There’s a reason platforms from Facebook to Instagram have added video features: Animated video producer Wyzowl notes social media video viewership has increased by double or triple digits in recent years, and Twitter videos are six times more likely to be retweeted than photo-based tweets.
Some activities lend themselves better to video than others. If you’re a whitewater rafter, for instance, you’ll have no problem coming up with exciting clips. What if you like to play chess or read novels? Get creative: Dress up as a chess piece and go dancing. Take a trip to your favorite book settings. Read while riding a unicycle.
4. Be generous.
Don’t give away so many gifts that you can’t make money as a micro-influencer, but be on the lookout for opportunities to give and share. The easiest, least expensive thing to give is information. If you’re a backpacker, post a checklist for two-, three- and five-day trips. Personal shoutouts are another free tactic: When a follower tags you in a post of their own, publicly thank or joke with them from your account.
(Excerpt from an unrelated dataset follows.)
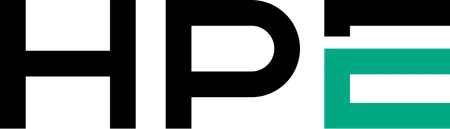 Hewlett Packard Enterprise logo with green HPE letters on a white background.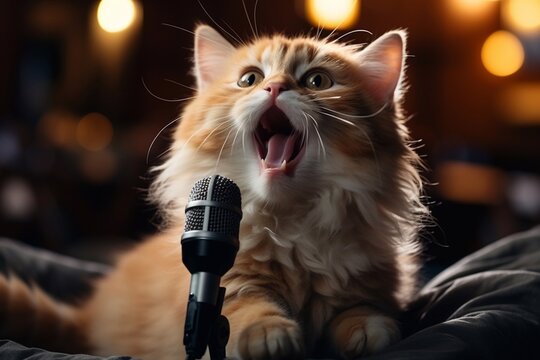 A kitten in front of a microphone sings a song.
When is a gift or product sample appropriate? Save those costly, time-consuming acts for serious favors. If another camping influencer talks you up, for instance, you might send a handwritten note on a scrap of tent fabric. Try to put strings on gifts that benefit both parties: A head-to-head tasting with another influencer in the craft beer space might be a good reason to send a 12 pack.
5. Tell great stories.
Human beings are hardwired for storytelling. That’s why it’s not enough to just post a photo of a product and hope your followers will fill in the blanks. Don’t be too on the nose, either: Saying, “I like this product, and you should, too,” comes across as stiff and overly promotional. Your followers won’t take you seriously, and potential brand partners won’t find your content to be worth their investment.
What do the best stories have in common? Studies show that they’re simplistic in their phrasings, show clear cause and effect, and describe relatable sensory experiences. If you post a Thanksgiving video of your baby brother getting mashed potatoes on the ceiling, for example, you might start by describing how sticky they were or how hard he flung them.
Don’t expect micro-influencing to replace your full-time job, but don’t underestimate your potential, either. Once you’ve attracted a few hundred followers organically, try sharing a few product suggestions. If they’re successful, email each brand’s marketing team and tell them how much you like their product. When those marketers search your account, they’ll see loyal followers and authentic recommendations.
What’s next? If the brand’s marketers don’t offer an influencer gig, be proactive. Ask whether they’d appreciate your help promoting the product further. If so, ask for a per-post fee in the $100 range. If not, move on; there’s plenty of companies trying to get attention on social media.
The bottom line? You don’t need fame or a fancy title to make money online. In fact, not being famous might just be the secret weapon you need to get ahead.